Inzwischen ist seit der d 5 ein halbes Menschenleben vergangen, wenn nicht sogar noch mehr! 1972 studierte ich gerade Filmgeschichte in London. Ich war kurz davor, mich einer Gruppe anzuschließen, der Society for Education in Film and Television, und an der Zeitschrift Screen mitzuarbeiten, die die Bedingungen in Frage stellte, unter denen die Debatte über die Rolle der Massenmedien in der zeitgenössischen Gesellschaft damals geführt wurde - und zwar durch einen massiven Import französischer Theorien aus der Linguistik, Semiotik und der Psychoanalyse.
In den frühen Siebzigern spielte die Möglichkeit einer politischen und sozialen Veränderung durch ideologische Auseinandersetzungen im kulturellen Bereich eine große Rolle. Wir zitierten oft Bertolt Brechts Worte: Worauf es ankommt, ist die Dinge zu verändern. Althussers Arbeit, kombiniert sowohl mit sowjetischen als auch chinesischen Schriften über die gesellschaftliche Funktion von Kunst (nicht umsonst auch Teil der documenta 5), waren uns überaus wichtig.
Die documenta 5 war allerdings einzigartig in ihrem Zusammenbringen von Avantgarde-Filmen und Video-Kunst mit diesen elaborierten politischen und kulturellen Mustern. In Großbritannien wurden diese beiden Diskurse und deren Vertreter fein säuberlich getrennt.
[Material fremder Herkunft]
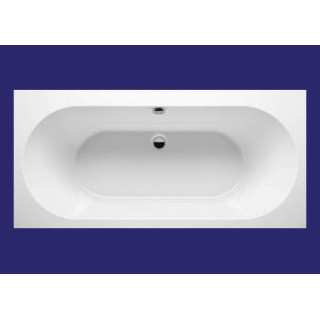 Wanna Riho Carolina prostokątna 190x80 cm- sanitbuy.pl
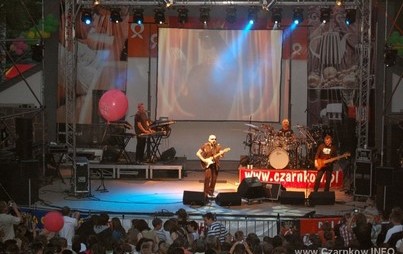Zdjęcie do Dni Ziemi Czarnkowskiej 2008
Tatsächlich gab es da zwei Avantgarde-Bewegungen: Der FilmCoop Bewegung ging es um formales Experimentieren, filmischer Greenbergianismus, wenn man so will, und dann gab es da noch eine etwas lockerer organisierte Bewegung des Politischen Kinos, der es darum ging, Auseinandersetzungen in der Darstellung sichtbar zu machen wie in den Arbeiten von Godard oder auch Straub-Huillet. Diese Bewegung wurde bald verstärkt durch eine ungewöhnliche Mischung von Vertretern der Leinwand-Avantgarde wie z.B. Janeso und Oshima.
In meiner Erinnerung sind die 1970er eine Zeit der linken Fraktionsbildung - in vielen Fällen sogar der Mikro-Fraktionen. Unter dem Schutz der Leinwand gab es eine winzige Gruppierung, mich eingeschlossen, die diese »formalen« und politischen Avantgarden zusammenhalten wollte. Wir bemühten uns, die Kluft zwischen der theoretischen Reflexion über die Massenmedien und das Unterhaltungskino auf der einen Seite und der bereits über formale und politische Fragen zersplitterten Avantgarde auf der anderen Seite zu überbrücken.
Die meisten der Filme, die auf der d5 im Royal Kino liefen, sah ich in film-coop’s und bei britischen Film-Club Aufführungen. Die Künstlervideos aus dem Programm im Museum Fridericianum waren mir allerdings damals weniger bekannt.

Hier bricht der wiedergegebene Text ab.